G. This Agreement and all Exhibits hereto may be amended and/or
supplemented, through addenda executed by both parties, up to the
Effective Date, and the Agreement and all Exhibits hereto shall be
amended to reflect updated information updated, if necessary, upon
the Effective Date hereof. This Agreement may be terminated by
either party up to the Effective Date for any reason, effective
immediately upon receipt of written notice of termination to the
other party.
H. This Agreement, Note and Deed of Trust contain the entire agreement
between PEC and Association and no promise, inducement or
representation other than as set forth herein has been made, offered
or agreed upon between the parties.
I. This Agreement cannot be varied or modified orally and may only be
varied or modified by a written instrument duly executed by the
parties.
J. If any provision of this Agreement is held to be invalid, such
invalidity shall not affect the validity of any other provisions of
this Agreement which can be given effect without the invalid
provision, and to this end the provisions of this Agreement are
declared to be severable.
K. THIS AGREEMENT IS FOR PURPOSES OF THE PURCHASE OF THE REMAINING
INVENTORY SUBJECT TO THE NOTE SECURED BY DEED OF TRUST ONLY AND IS
NOT TO BE USED BY OR AGAINST ANY OF THE PARTIES HERETO AND/OR THE
INTERVAL OWNERS OF THE RESORT,
6
7
COLLECTIVELY OR INDIVIDUALLY, IN ANY ACTION OR PROCEEDING BY,
AGAINST OR BETWEEN THE PARTIES HERETO AND/OR THE INTERVAL OWNERS OF
THE RESORT COLLECTIVELY OR INDIVIDUALLY.
ENTERED INTO AS OF THE DATE FIRST APPEARING HEREIN.
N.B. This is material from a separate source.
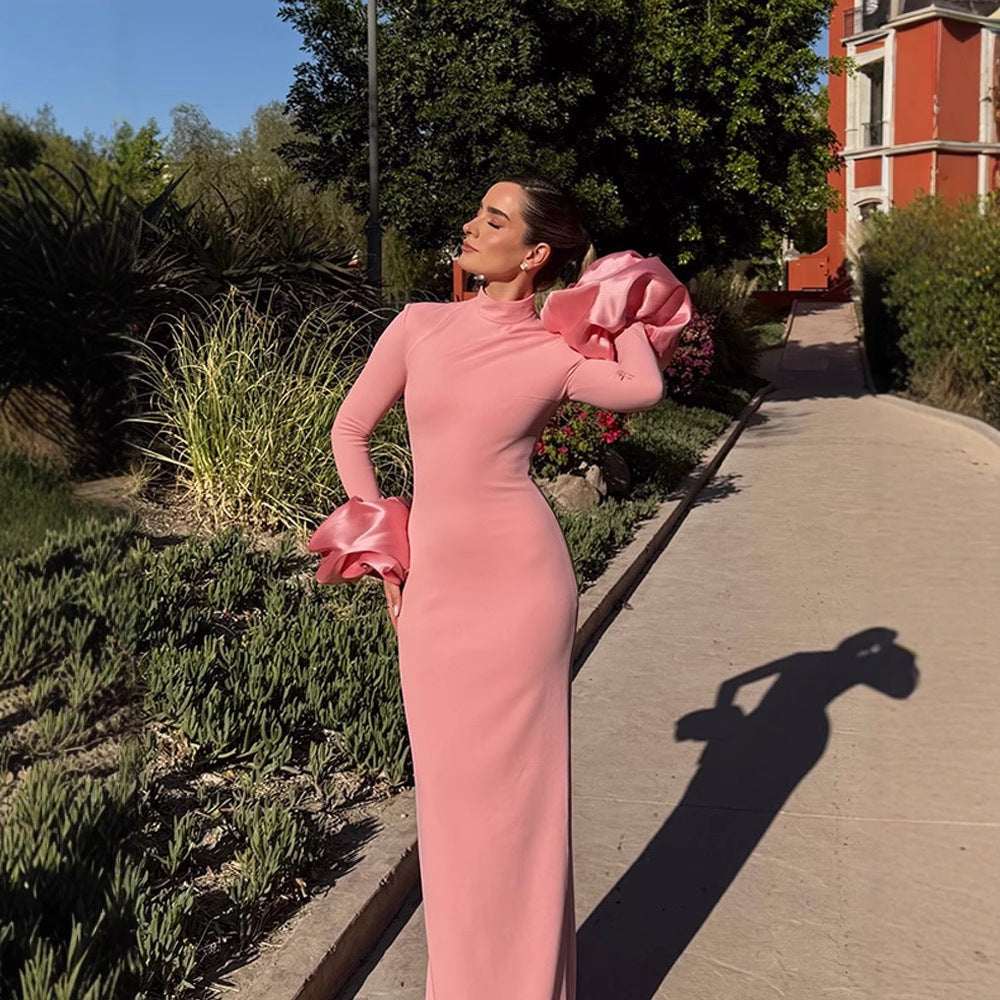 Robe maxi pour femmes avec des manches en forme de volants et un élégant col montant Chic und Stil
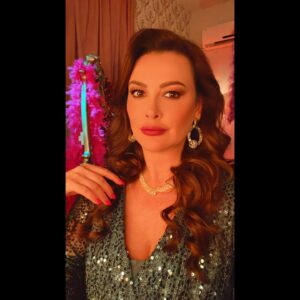 Ayçin İnci Instagram - 🌷🧿 ŞERMİN, haftaya Pazartesi akşamı izleyeceğiniz 12. Bölümde Kapadokya’ya bomba💥💣gibi düşecek! 🤩 Cemile’nin Şermin’den çekeceği var, deli deliyi görünce değneğini saklarmış 😄😂 Senaristlerimize ve yapıma teşekkür etmek istiyorum. Şermin dün güzel bir giriş yaptı ve 12. Bölümde özenle yazıldığı çok belli. 🤩 Safir’in genel hikayesini de çok ama çok beğendim 💕  @nalanmerter 👏🏻 @burcuuover 👏🏻 @safirdizisi @ntcmedyatv 💐💕 Ve çalışmalarınıza teşekkür ederim menajerim @buketkahramantm @buketkahraman ve menajerim @berkaykahraman 💫🌺🌼🌸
PREFERRED EQUITIES CORPORATION, A NEVADA CORPORATION
By: ____________________________________
Name: Xxxxx X. XxXxxxxxx
Title: Executive Vice President and
Chief Operating Officer
PREFERRED RV RESORT OWNERS ASSOCIATION, A NEVADA CORPORATION
By: ____________________________________
Name: Xxxxx Xxxxx
Title: President
7
8
EXHIBIT A
ASSETS
1. Office Building, consisting of three (3) mobile units joined together.
2. All Association assets, including cash, real and personal property, all
accounting and tax records, all membership records, applicable insurance
policies and other important documents necessary to operation of the
Resort.
3. All accommodation units.
4. All vehicles leased-purchased by Owners' Assessments, including:
(a) One 1989 Ford Van: Vehicle Identification Number 29385
(b) One 1994 Ford Econoline: Vehicle Identification Number 35546
(c) One 1994 Ford Ranger: Vehicle Identification Number 67416
5. All Equipment purchased by Owners' Assessments, including:
(a) One 1996/1997 Xxxx Deere Gator tractor;
(b) Two Easy-Go Golf Carts
(c) Two Yamaha Golf Carts
(d) All office equipment, including computers, furniture, copier,
facsimile, etc. In the event the equipment is leased, PEC shall use
its best efforts to transfer the lease to the Association.